Con
la benedizione delle Frecce Tricolori e della parata del 2 giugno, con tanto di
bandierone nazionale di 400 metri quadri, spiegato in cielo e atterrato col
paracadutista davanti alla tribuna autorità, è nato il soffertissimo governo
del “cambiamento”.
Dopo
tre mesi di prove, di manicomio, di accordi e disaccordi, di rilanci e minacce
di soluzioni tecniche, di ultimatum e di opposizioni preventive al nulla (cioè,
in assenza della reale materia cui opporsi), di bizze da Romanzo Quirinale, il
semaforo della corrida politica ha visto finalmente la luce giallo-verde: ora
si dovrebbe forse dire giallo-blu, viste le nuove scelte cromatiche della Lega
che, dopo aver cassato il “nord”, pare abbia anche rinnegato il “verde padano”.
L’alternativa
sarebbero state naturalmente, le elezioni molto anticipate, con cabine e seggi
al mare e sulle spiagge e un virtuale governicchio balneare, privo di consenso
alcuno, che ci avrebbero regalato - come ricordava anche Travaglio - un
magnifico patto di governo Lega-Forza Italia, con un Salvini sicuro e unico Premier
(e non come oggi solo ministro), alleato del vecchio Berlusconi riciclato.
Tra
i due mali, forse si è scelto il minore o il meno peggio.
Anche
perché, con il suo demenziale e preventivo Aventino, il PD, senza identità,
senza progetti e in balia di leader confusi e improvvisati, ha continuato ad
annaspare in una crisi senza fine, ha mostrato i segni di una sconfitta che non
sa elaborare, ha preferito sgranocchiare pop corn al cinema Parlamento, parlando
impunemente e a casaccio di Sinistra (?) e fronti repubblicani, consumandosi in
un'intifada interna permanente.
Incapace
di costituirsi alternativa credibile, è riuscito soltanto a farsi odiare dalla
gente.
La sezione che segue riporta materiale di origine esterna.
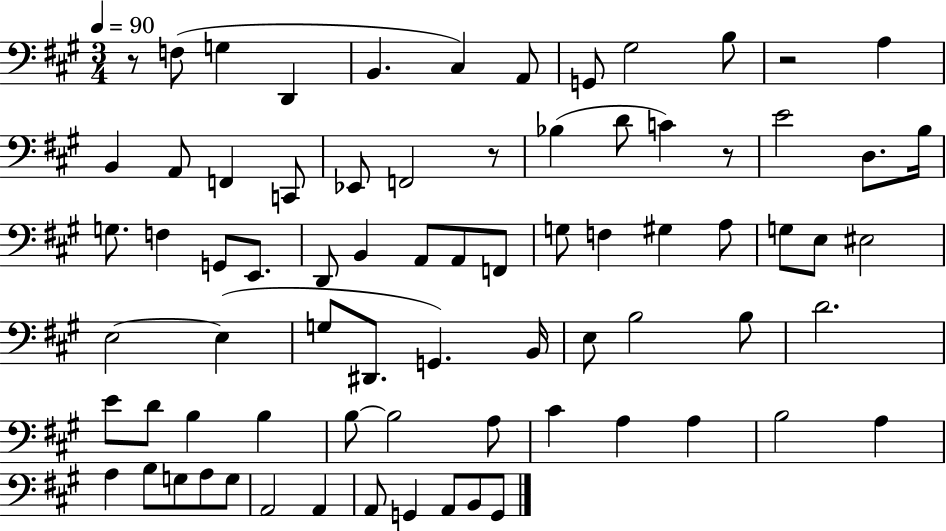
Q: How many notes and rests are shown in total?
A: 76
Non ha lasciato spazio ad altre soluzioni e, visti i numeri scaturiti
dalle urne il 4 marzo, non ha consentito un compromesso fra due culture e
sensibilità diverse, ma non opposte, non antitetiche, nonostante le accuse e
gli insulti reciproci. Un “contratto” tra quelle due forze - PD e Cinque Stelle
- sarebbe stato comunque possibile e preferibile, con un partito però
derenzizzato e un centrosinistra profondamente rinnovato.
Ora
non resta che far prevalere il buonsenso e la ragione dopo tante sparate, contraddizioni,
fallimenti, ripensamenti e imprevedibili colpi di teatro.
Abbiamo
una soluzione di compromesso, non certo entusiasmante, ma nemmeno terrificante
come l’hanno dipinta in molti, prim’ancora che nascesse. E’ un governo carico
di aspettative e promesse che gode di un ampio consenso nel Paese, pur fra
mille dubbi e incertezze. Tre mesi di difficile gestazione hanno rimescolato le
carte e i valori in campo, che non sono più quelli del giorno del giudizio
elettorale.
Ci sarà tempo e modo per
giudicare il governo Conte, Di Maio, Salvini, guardando i fatti, le scelte e
non solo le intenzioni. Intanto, tra i ministri, tecnici e politici, come osserva
sempre Travaglio, non c’è neppure un inquisito o condannato, per la prima volta
dal 1994, e nessun ministro puzza di berlusconismo.
Il
programma prevede una serie di proposte e di riforme a lungo attese, come prescrizione,
anticorruzione, carceri, manette agli evasori, conflitti d’interessi, Rai, Tav,
acqua pubblica, green economy, vitalizi, Buona Scuola, reddito di cittadinanza,
salario minimo, revisione della Fornero, flat tax o equa riduzione delle
aliquote fiscali.
I
pericoli potrebbero arrivare dal Viminale, se il guascone Salvini - ormai padrone
del linguaggio e della piazza - tornasse a rivestire i panni del Cazzaro Verde,
xenofobo e cattivo, in campagna elettorale permanente, e, nell’euforia del fare
tutto e subito, dal possibile sfascio dei conti pubblici, per attuare a tutti i
costi le riforme.
E,
mentre Berlusconi schiuma rabbia perché, per la prima volta, pare ridotto a “pelo
superfluo della politica” (cit.), come i suoi compari renziani, il giovane Di Maio,
tornato felice e sorridente, è salvo per miracolo. Se non fosse riuscito a
portare il Movimento al governo, dopo impegni, sfide, forni, speranze e tormenti,
avrebbe pagato un prezzo altissimo, forse la fine della sua carriera. Ne era
consapevole e per questo ha ceduto all’ira che lo ha portato a fare errori
clamorosi, generando imbarazzo e ilarità: ha pagato questi tre mesi di struggente
passione, salvando la faccia e la parola, ma lasciando forse sul
campo un bel pezzo di consenso.
Ora,
comunque, ha il tempo di rifarsi e di recuperare, Salvini permettendo.